__WHAT THIS TASK INVOLVES__
Output the entries word for word. Omit images.

*** Opening INPUT MATERIAL ***

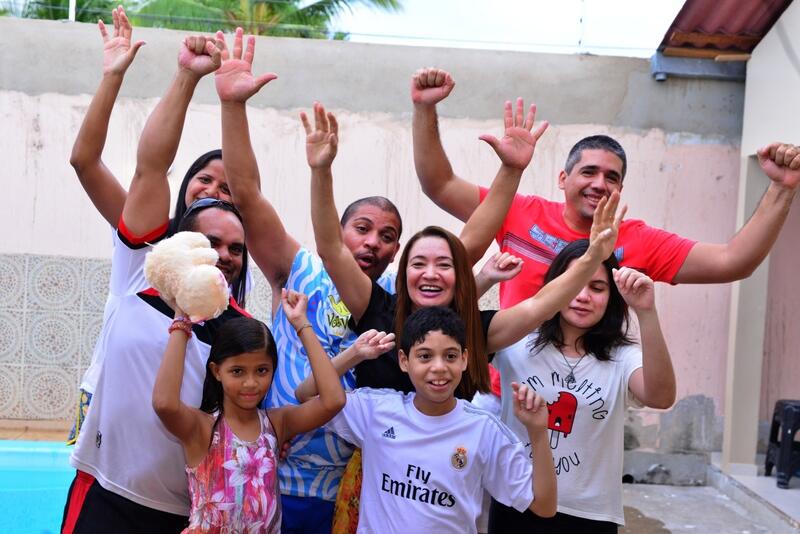 Cristina Bonfim (ao centro, de camiseta preta) e familiares comemorando o resultado (Foto: Divulgação Secom)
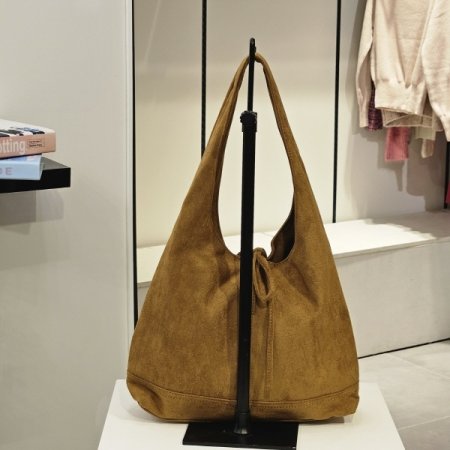 스웨이드 숄더백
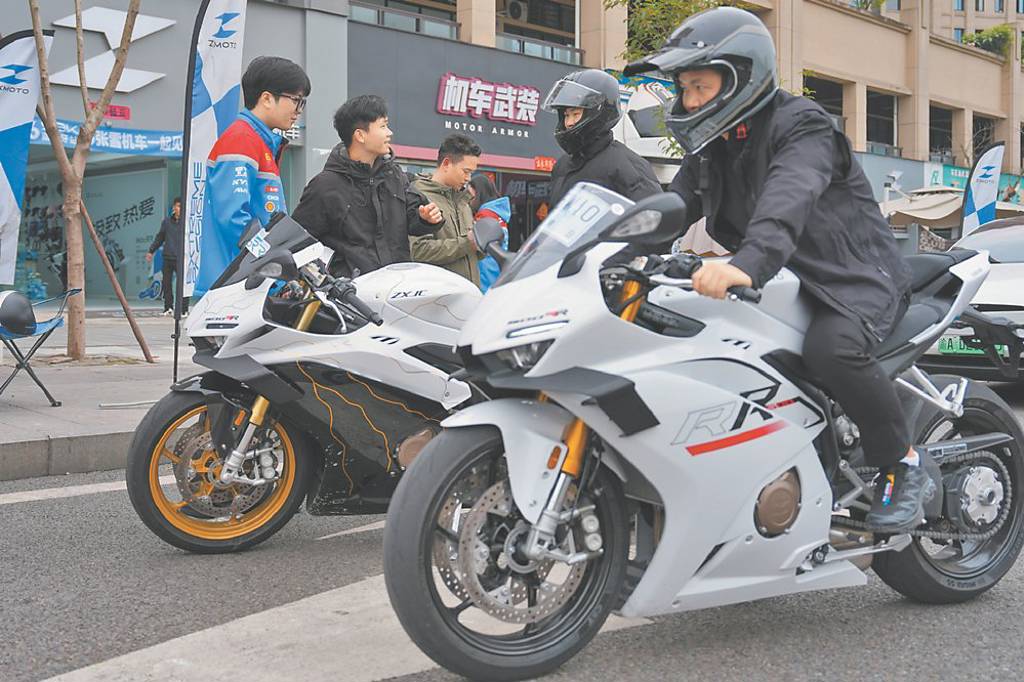 重慶重機觀光熱潮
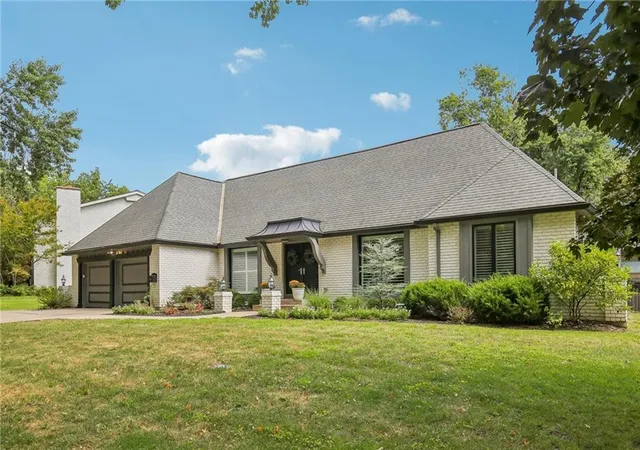Photo 3 of Single family home for sale at 9029 Rosewood Dr, Prairie Village, KS 66207 | MLS# 2640067 | Listing updated on 2026-09-24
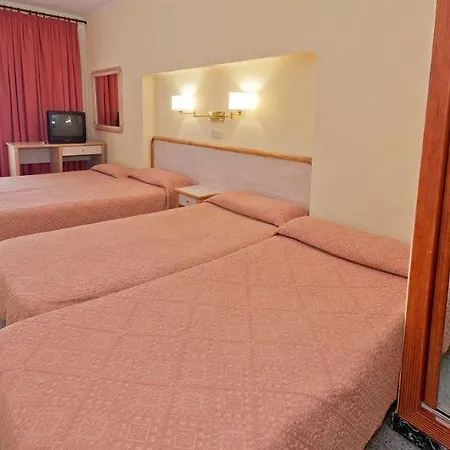 Vila De 3* Calella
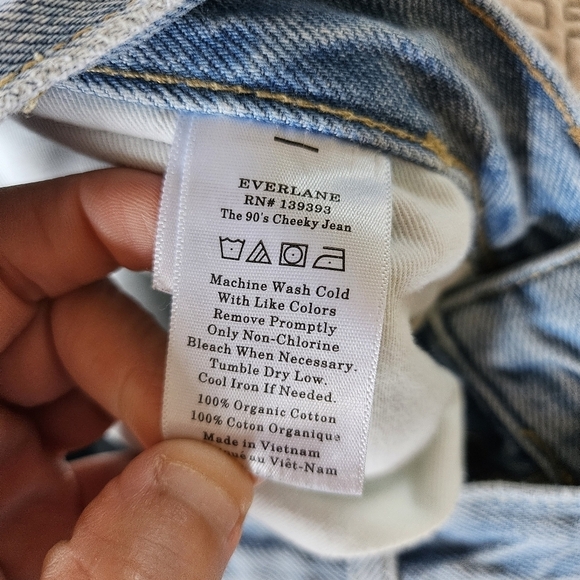 EUC EVERLANE The 90’s Cheeky Cropped Patchwork Jeans Sz 26 - Picture 8 of 13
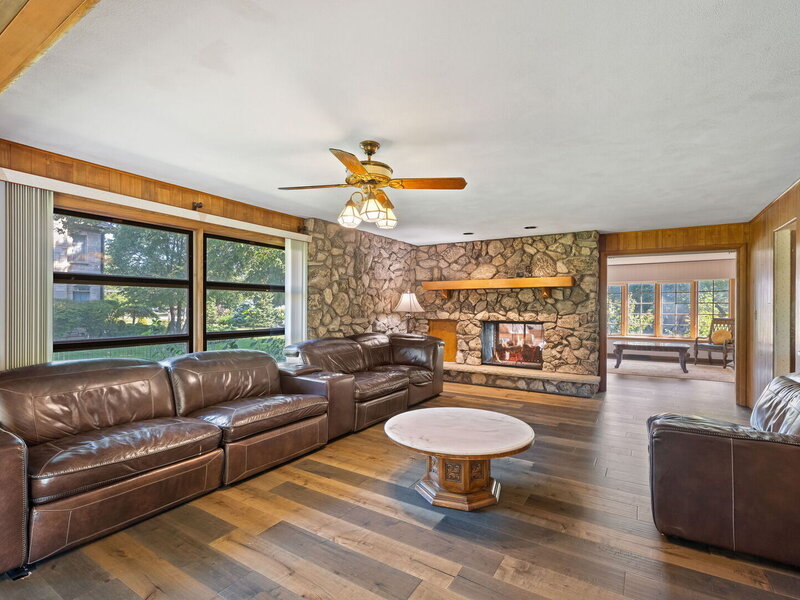 2250 White Oak Drive Northbrook IL 60062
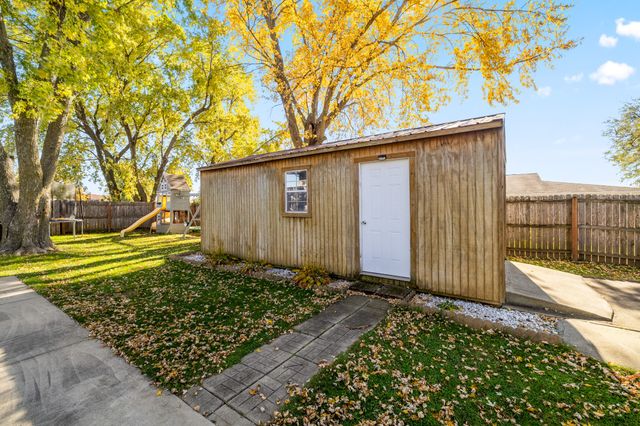 620 Parkview Lane, Carlisle, IA 50047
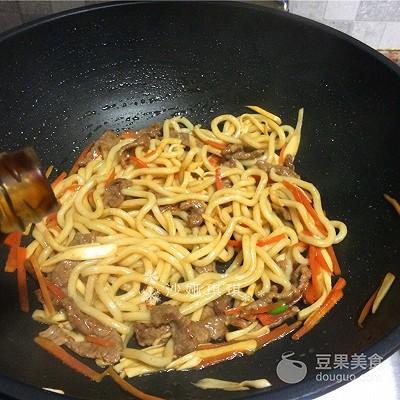 牛肉乌冬面怎么炒（杂蔬牛肉炒乌冬面）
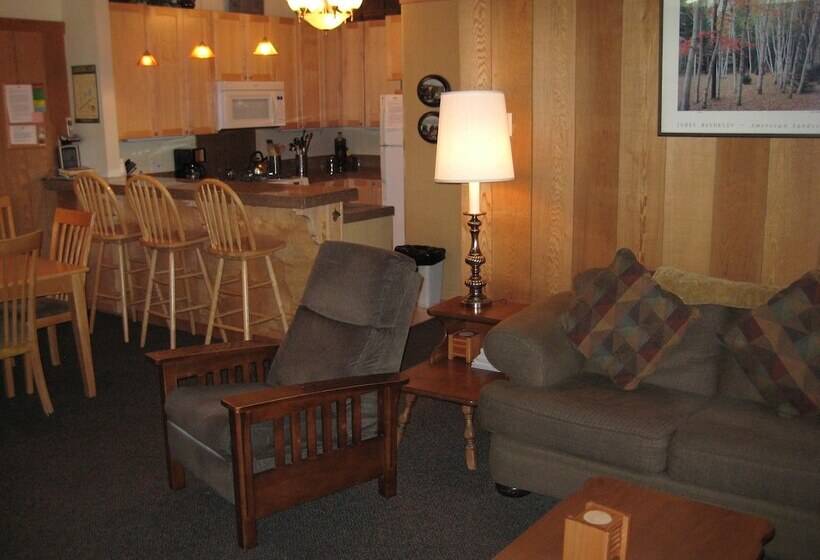 Chateau Sans Nom By Mammoth Reservation Bureau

*** Closing INPUT MATERIAL ***

__SOLVED EXERCISE__
 Cristina Bonfim (ao centro, de camiseta preta) e familiares comemorando o resultado (Foto: Divulgação Secom)
 스웨이드 숄더백
 重慶重機觀光熱潮
Photo 3 of Single family home for sale at 9029 Rosewood Dr, Prairie Village, KS 66207 | MLS# 2640067 | Listing updated on 2026-09-24
 Vila De 3* Calella
 EUC EVERLANE The 90’s Cheeky Cropped Patchwork Jeans Sz 26 - Picture 8 of 13
 2250 White Oak Drive Northbrook IL 60062
 620 Parkview Lane, Carlisle, IA 50047
 牛肉乌冬面怎么炒（杂蔬牛肉炒乌冬面）
 Chateau Sans Nom By Mammoth Reservation Bureau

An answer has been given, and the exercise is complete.